Emill / P256-cortex-ecdh

P256 ECDH for Cortex-M0 and Cortex-M4
BSD 2-Clause "Simplified" License
20 stars 5 forks source link

RISC-V SUPPORT #3

Open smartmx opened 2 years ago

smartmx commented 2 years ago

I'm trying to adapt this project to the RISC-V platform, but RISC-V doesn't have overflow handling when computing. It means that the assembly on Cortex cannot be simply replaced and then run on RISC-V. My current idea is to create a global variable for storing the overflow flag, but this will greatly reduce the calculation speed. Do you have any good solution? Thanks!

Emill commented 2 years ago

The RISC-V platform is quite terrible when it comes to efficient big integer multiplication due to the lack of a carry flag and instructions like umaal.

There is a very long thread discussing this at https://groups.google.com/a/groups.riscv.org/g/isa-dev/c/Prak1SLbys8. You will find one post explaining how to rewrite one umaal instruction using eight instructions. If you really want to port this project to RISC-V, that could be one way to make that possible.

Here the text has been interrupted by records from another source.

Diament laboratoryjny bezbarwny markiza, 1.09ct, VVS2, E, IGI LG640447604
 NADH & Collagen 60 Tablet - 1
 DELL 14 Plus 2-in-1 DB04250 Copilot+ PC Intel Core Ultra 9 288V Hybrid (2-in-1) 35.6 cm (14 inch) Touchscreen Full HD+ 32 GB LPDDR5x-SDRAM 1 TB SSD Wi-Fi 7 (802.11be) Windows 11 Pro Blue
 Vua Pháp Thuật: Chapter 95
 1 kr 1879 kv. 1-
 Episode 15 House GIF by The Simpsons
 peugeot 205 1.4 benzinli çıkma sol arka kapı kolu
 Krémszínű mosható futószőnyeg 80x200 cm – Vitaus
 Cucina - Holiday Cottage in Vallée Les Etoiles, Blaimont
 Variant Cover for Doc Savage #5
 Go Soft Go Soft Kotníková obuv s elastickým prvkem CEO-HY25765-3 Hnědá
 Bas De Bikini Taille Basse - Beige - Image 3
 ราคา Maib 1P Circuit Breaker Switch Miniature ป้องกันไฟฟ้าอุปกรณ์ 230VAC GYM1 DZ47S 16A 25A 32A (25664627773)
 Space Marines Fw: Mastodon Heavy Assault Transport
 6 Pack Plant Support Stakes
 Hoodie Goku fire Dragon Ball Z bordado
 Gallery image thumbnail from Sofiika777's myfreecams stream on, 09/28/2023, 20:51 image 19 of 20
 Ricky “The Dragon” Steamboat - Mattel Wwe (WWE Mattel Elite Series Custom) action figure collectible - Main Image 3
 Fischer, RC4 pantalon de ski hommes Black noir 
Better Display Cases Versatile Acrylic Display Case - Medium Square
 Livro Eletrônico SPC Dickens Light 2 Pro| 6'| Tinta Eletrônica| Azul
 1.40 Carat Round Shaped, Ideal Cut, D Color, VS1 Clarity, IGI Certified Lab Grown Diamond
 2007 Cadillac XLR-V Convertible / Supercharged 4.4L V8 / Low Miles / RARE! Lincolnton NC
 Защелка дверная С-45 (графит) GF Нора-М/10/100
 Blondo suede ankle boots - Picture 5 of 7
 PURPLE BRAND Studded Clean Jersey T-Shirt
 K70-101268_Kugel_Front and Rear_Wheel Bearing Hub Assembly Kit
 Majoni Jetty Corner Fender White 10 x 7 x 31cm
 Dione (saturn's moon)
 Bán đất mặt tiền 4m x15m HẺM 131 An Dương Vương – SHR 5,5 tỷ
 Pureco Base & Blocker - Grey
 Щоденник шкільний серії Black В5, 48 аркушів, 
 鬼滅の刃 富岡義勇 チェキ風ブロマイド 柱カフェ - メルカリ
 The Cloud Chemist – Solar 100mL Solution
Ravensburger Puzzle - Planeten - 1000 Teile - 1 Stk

The "solution" some vendors offer is a hw accelerator for either big integer multiplication, or a hw accelerator directly for ECC calculations. Espressif use this for their RISC-V devices, as an example.

In my opinion both MIPS and RISC-V instruction sets are inferior compared to ARM instruction set. I guess RISC-V is used only to avoid the license fee of ARM.

smartmx commented 2 years ago

Thanks for your help! I will try it.

smartmx commented 2 years ago

Hi, Emill.

I have some questions.

In function P256_mul64: Your comment is : / in: (t0,t1) = a[0..1], (a2,a3) = b[0..1] out: a0-a3 /

Is t0 the High uint32 of data or t1 was? t0 = (data>>32) or t0 = data&0xffffffff ?

Is a2 the High uint32 of data or a3 was? a2 = (data>>32) or a2 = data&0xffffffff ?

the out data a0-a3, which of them is the high uint32 of data?

the out128 data = a0<<96| a1 <<64 | a2 << 32 | a3 or the out128 data = a3<<96| a2 <<64 | a1 << 32 | a0

Thanks!

smartmx commented 2 years ago

Sorry, above comment has some error. That is porting on RISV-V......

In function P256_mul64: Your comment is : / // in: (r4,r5) = a[0..1], (r2,r3) = b[0..1] // out: r0-r3 /

Is r4the High uint32 of data or r5 was? r4 = (data>>32) or r4 = data&0xffffffff ?

Is r2 the High uint32 of data or r3 was? r2 = (data>>32) or r2 = data&0xffffffff ?

the out data r0-r3, which of them is the high uint32 of data?

the out128 data = r0<<96 | r1 <<64 | r2 << 32 | r3 or the out128 data = r3<<96 | r2 <<64 | r1 << 32 | r0

Thanks!

Emill commented 2 years ago

the out128 data = r3<<96 | r2 <<64 | r1 << 32 | r0

Everything is little endian, so lower named registers contain lower bits.

Note that risc-v has the umulh instruction, which you should use to get the high bits of a 32-bit multiplication. Cortex-m0 lacks such an instruction which results in this quite large workaround as you can see.

smartmx commented 2 years ago

Yes, I am Using mulhu to make P256_mul64 too much easy. About 25 lines of codes. Thank you.